×
Welkom Reisverslagen Reizen Boeken Blog Anders Reizen Contact

Vriendelijk Bonaire

Poko-poko! Rustig aan, haast is nergens voor nodig

Reisverslag: Angélique Woudenberg
Foto's: Angélique Woudenberg

Bonaire is een rustig stukje Nederland. Perfect voor een weekje zon, bijvoorbeeld rond de jaarwisseling. Vaart er een cruiseschip binnen, dan ontstaat in Kralendijk vanuit het niets een toeristenmarkt vanwaar excursies over het eiland vertrekken. Een mooie kans om een kijkje te nemen bij 1000 Steps Beach, Washington Slagbaai NP en het Gotomeer, Rincon en het Pekelmeer.
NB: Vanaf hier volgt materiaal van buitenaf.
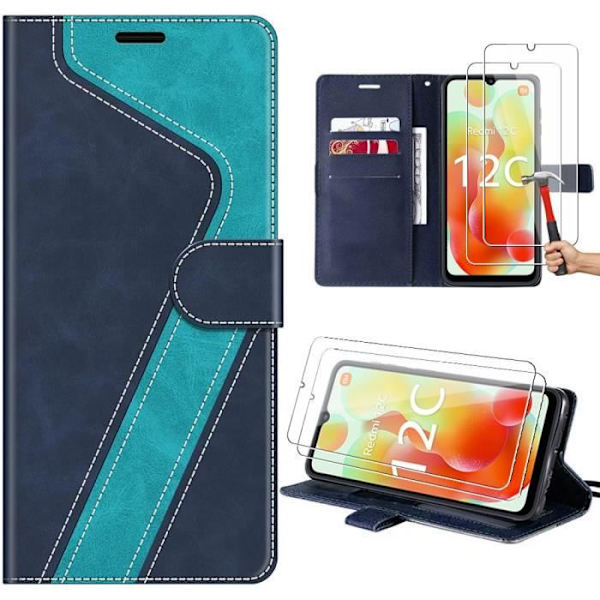 Coque - Xiaomi - Redmi 12C-11A - Skydd Lädereffekt - 2 Tempererade Glas - Mjuk Blå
In Kralendijk zelf is het nieuwe Terramar-museum de moeite zeker waard.

Op Oudejaarsdag verruilen we mistig Nederland voor een weekje zonnig Nederland. Alhoewel, het is in de wintermaanden regenseizoen op Bonaire en de afgelopen weken heeft het flink geregend. Dat is goed voor de natuur maar tijdens ons verblijf mag de regen ‘s avonds vallen.

Na een vlucht van ruim negen en een half uur landen we aan het eind van de middag plaatselijke tijd op zonnig Bonaire Flamingo International Airport. Plaatselijke tijd wil zeggen dat de klok vijf uur terug moet worden gezet.
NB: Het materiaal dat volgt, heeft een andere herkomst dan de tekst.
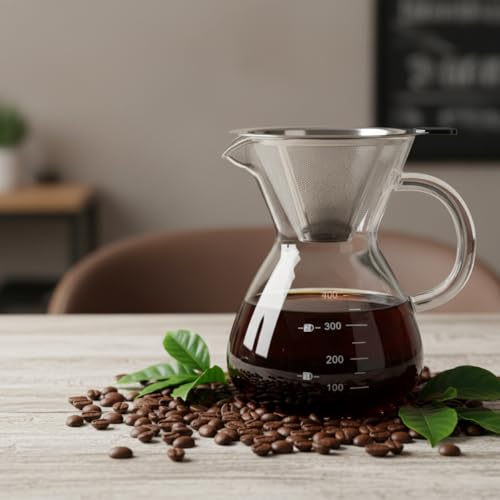 Image 7 of Supvox Manual Pour Over Coffee Dripper 400ml Reusable SUS Filter Glass Pot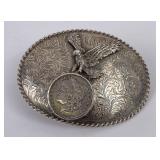 Huge Sterling Silver Cowboy Belt Buckle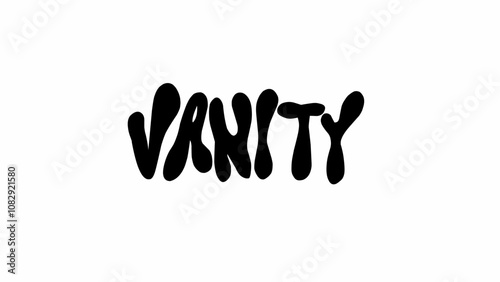 Vanity" in a bold, blob-style font with playful, rounded shapes. Perfect for modern designs, branding, and artistic projects. Scalable vector for versatile use.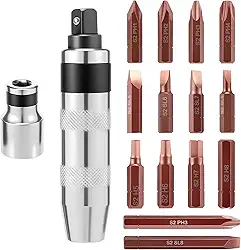 Chave de impacto manual, brocas de aço sortidas em estojo de armazenamento, chave de fenda de impacto manual para afrouxar parafusos enferrujados para perfuração de cimento de madeira e metal e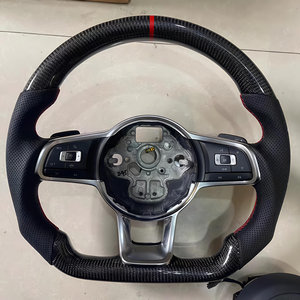 Volant en fibre de carbone compatible avec Volkswagen VW <span class=keywords><strong>Golf</strong></span> <span class=keywords><strong>7</strong></span>.5 GTI GTD <span class=keywords><strong>R</strong></span>-Line <span class=keywords><strong>Golf</strong></span> <span class=keywords><strong>7</strong></span> MK7 CC POLO Passat SCIROCCO TIGUAN - Product Image 1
Het luchthavengebouw is knalroze en is vernoemd naar het symbool van Bonaire; de flamingo. Eenmaal uit de Dreamliner worden we begroet door de oostelijke passaatwind. De slogan van Bonaire luidt: ‘Once a Visitor, Always a Friend’. Nou, we zijn benieuwd.

Na een korte transfer naar ons resort, is het omkleden en naar het dinerbuffet waar we een mooi uitzicht hebben op de ondergaande zon.

Oudejaarsavond vieren we op het strand, waar een concert wordt gegeven door Ellen ten Damme. Klokslag twaalf uur barst het vuurwerk los. Met onze voeten in het zand luiden we het nieuwe jaar in.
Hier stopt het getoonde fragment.